John M wrote:
> Georges: please, have merci on me! 'my' English is
> the 5th of my acquired languages, so to read - and
> realize what it stands for - that long a post is
> (almost) beyond my mental endurance. 

I understand that but the point is highly unusual
and unintuitive and I felt that a "critical mass"
was necessary for it to make is way.

> I try to pick some of your remarks as non-conform to
> how I feel. Consider please the rest as agreed. (At
> least for now - ha ha - which means the <G> I wrote, a
> usual WEB-abbreviation for <Grin>.

Sorry, I dont even know <Grin>.

> Thanks for taking so much time to respond.

It helps me too to formalize things and indentify
weaknesses and limitations. Thank to ypou too.

>> [...]
>> I think I have the same kind of feeble thinking tool
>> as you have. However I am not sure that common sense
>> is of much help for questions like "why is there
>> something?". Rather it is likely that it would
> confuse >us on such topics. It simply did not evolved
> for that. >Our common sense is more a handicap than a
> good guide >to understand quantum mechanics. The
> situation is even >worse here. My common sense also
> says that to me. Of >course it does not follows that
> nothing (or everythng) >makes sense.

Strange hashing of text here. ?

> QM is not for me: it is a linear way to perpetrate the
> reductionist model of physical sciences in ways not
> too approachable for common sense - as you said.
> Q-science:  IMO (=in my opinion) an extension of the
> QM-nightmare.

Yes. But this is not only QM as a human mind activity.
It really seems that the world in which we live is just
like that (Who can be cruel enough to design a world
like that and have sensible creatures living into it?).

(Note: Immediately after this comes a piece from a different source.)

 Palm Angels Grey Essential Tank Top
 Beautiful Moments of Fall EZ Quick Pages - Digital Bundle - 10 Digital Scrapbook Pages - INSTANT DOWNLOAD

Yes also and indeed, the way of thinking I presented
fits within a reductionist framework. Nobody is required
to adhere to such a framework (and therefore to the way
of thinking I presented). If one rejects the reductionist
approach, all I can say isn't even worth reading it for
him. And, again, all of this is pure speculation.

> A physicist once retorted: "I can live with paradoxes"
> well, I cannot. I rather rely on MY common sense, even
> if it is "not on the level".

You are free to rely on whatever you want. However, it
seems that we have no choice about the world we live in.

>> [...]
>> I would not say that. I don't believe that numbers
>> are "there" for any purpose. They just are there (or
>> exist). But their existence might be all that we
>> need to explain the (perceived) existence of
>> everything else.
> Right you are: not the 'numbers' are there for any
> purpose, we use the idea of numbers in our logic for
> explanations substituting paradoxes with other ones. 
> My question: "Are they (numbers) really there?" 0r
> they only exist in our sophistication and usage?
> [...]
> Of course they exist: we invented them so they exist. 

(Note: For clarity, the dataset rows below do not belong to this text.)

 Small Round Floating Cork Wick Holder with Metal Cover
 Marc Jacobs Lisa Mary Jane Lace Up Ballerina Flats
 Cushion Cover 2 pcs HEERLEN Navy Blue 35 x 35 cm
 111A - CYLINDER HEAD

I would say that we discovered them. The argument (a
weak one I concede) is that we did not have so much
freedom while doing so. We find and proved that the
Fermat's conjecture was true and we *could not* find
that is was false. This constraint is intemporal and
it exists whether there are men or not and even
whether there is something or not (but there cannot
be nothing because there is least this constraint).
The set of such constraints is likely to include or
define that natural numbers themselves.

>> not only natural numbers but also real numbers,
>> Hilbert spaces and all the "higher level objects"
>> that "comes with". 
> As you said above: "this is speculation indeed".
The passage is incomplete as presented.